■ What you will do: Below are some records. Write out exactly their lines from the one with "아파트 Residenz Regent Living Fuer 4 Personen" through the one with "NISSAN SKYLINE HYBRID 2014 Image 31", and leave the pictures behind.

■ Listed entries:
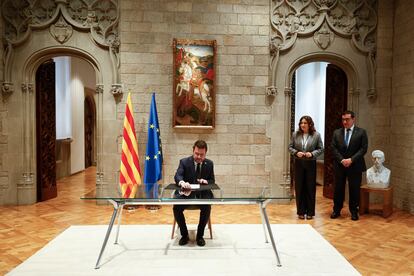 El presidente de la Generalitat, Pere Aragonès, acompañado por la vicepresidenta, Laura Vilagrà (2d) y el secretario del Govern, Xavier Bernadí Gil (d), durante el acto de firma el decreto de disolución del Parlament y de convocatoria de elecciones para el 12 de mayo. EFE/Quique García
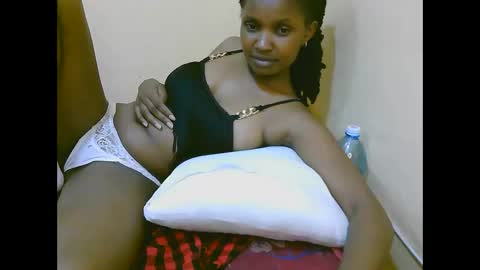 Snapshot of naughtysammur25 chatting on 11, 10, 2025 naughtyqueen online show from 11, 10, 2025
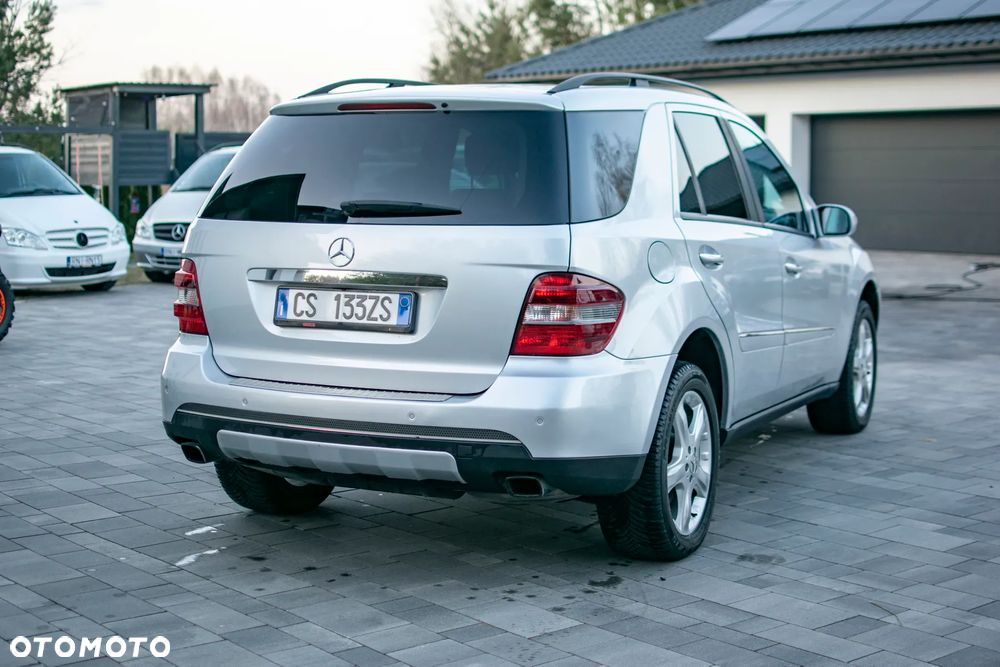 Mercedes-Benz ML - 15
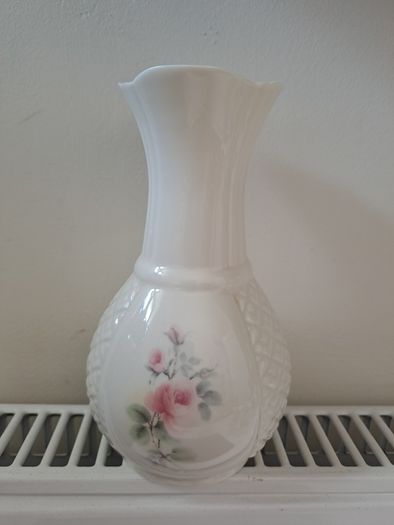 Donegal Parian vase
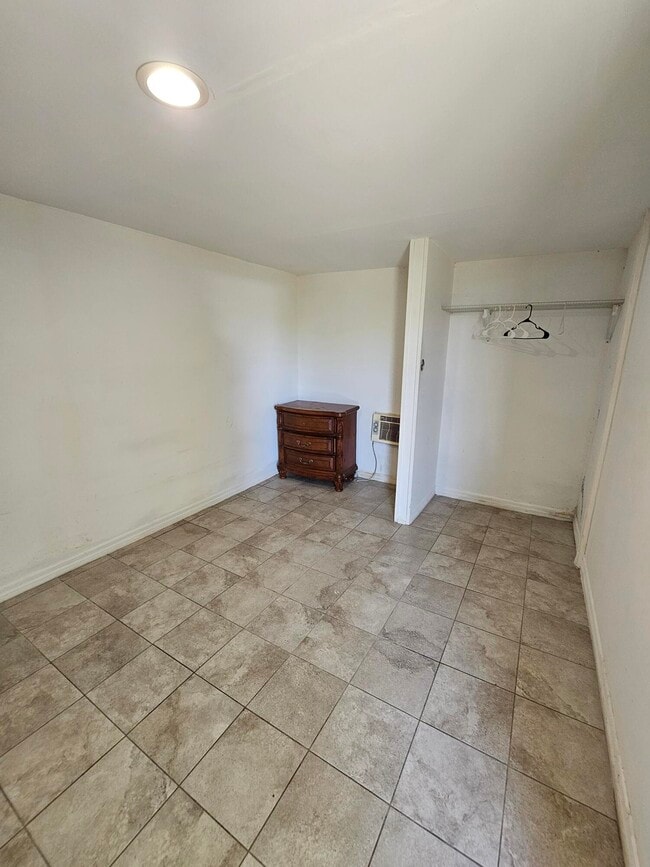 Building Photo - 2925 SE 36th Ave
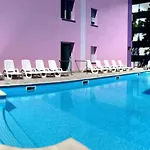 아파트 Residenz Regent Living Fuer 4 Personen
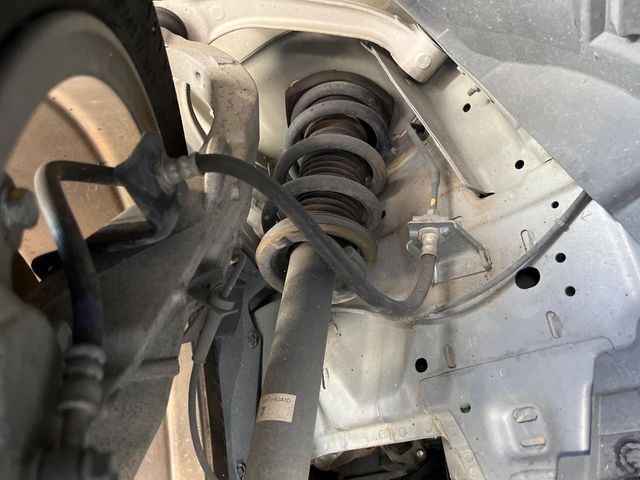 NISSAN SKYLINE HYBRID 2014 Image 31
==
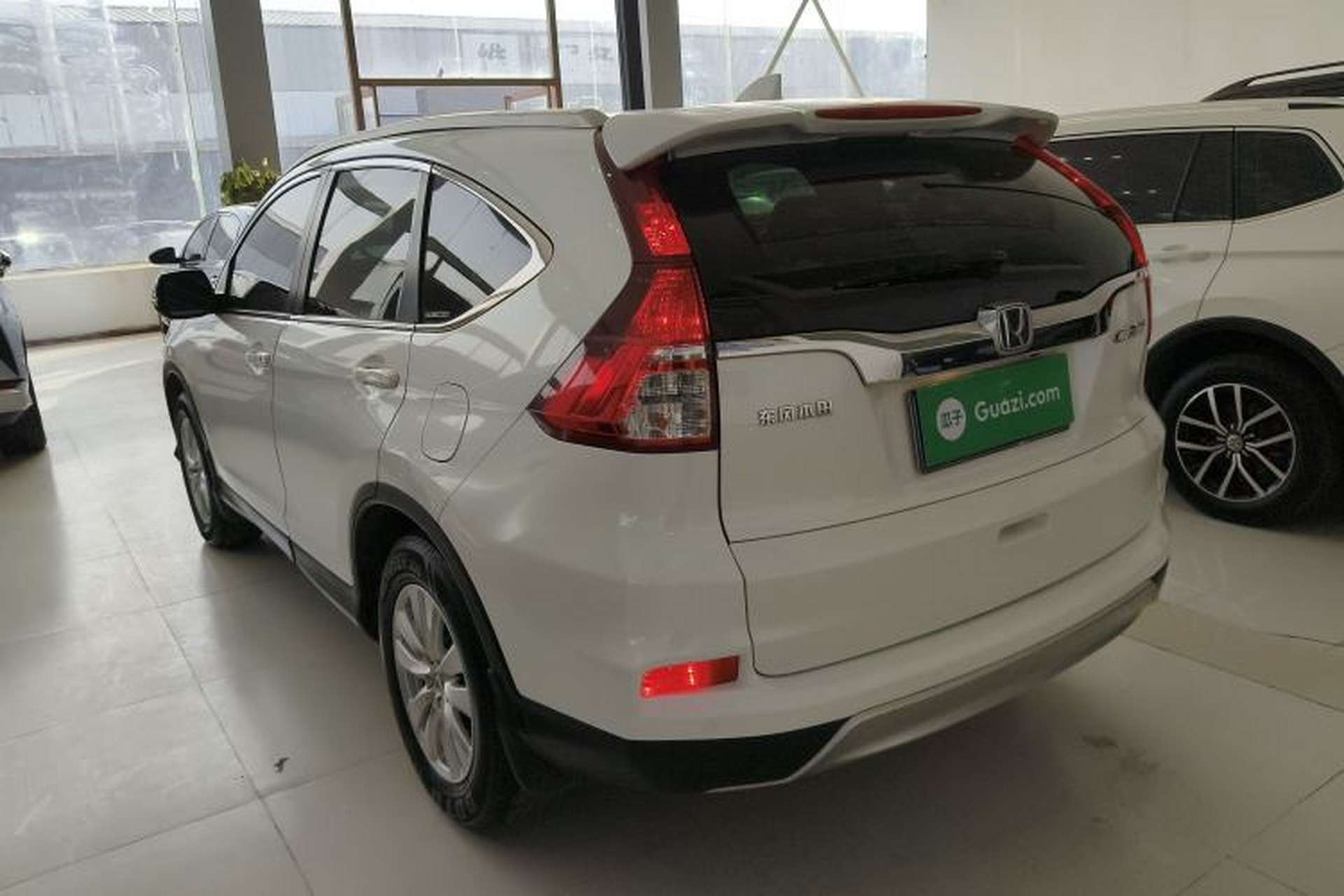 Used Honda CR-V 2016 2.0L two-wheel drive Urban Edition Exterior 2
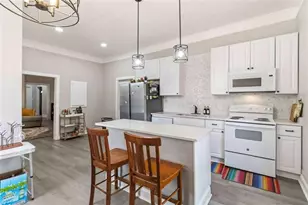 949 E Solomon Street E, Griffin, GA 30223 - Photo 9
---
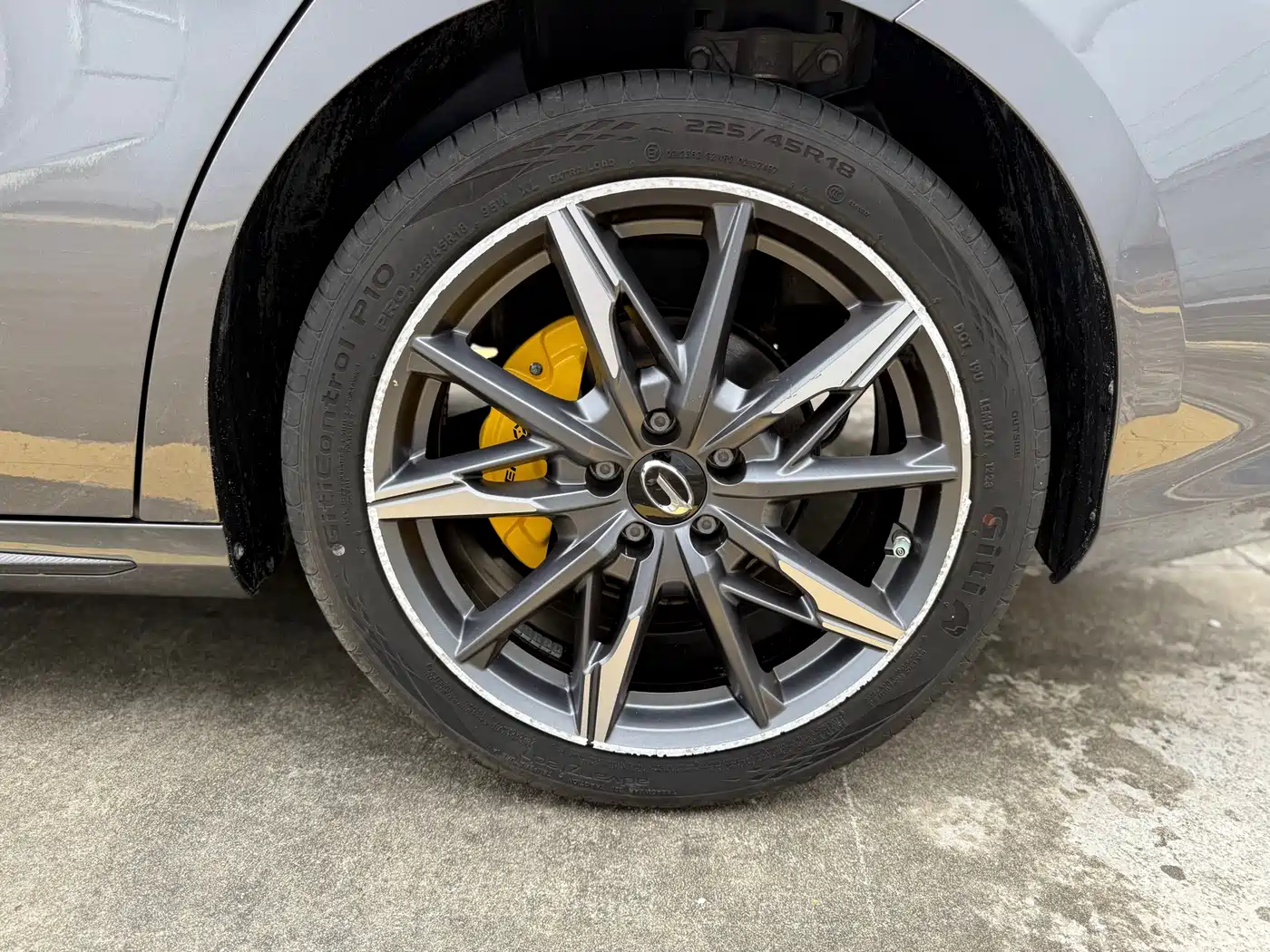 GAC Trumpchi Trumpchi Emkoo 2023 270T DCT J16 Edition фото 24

■ Completed exercise:
 아파트 Residenz Regent Living Fuer 4 Personen
 NISSAN SKYLINE HYBRID 2014 Image 31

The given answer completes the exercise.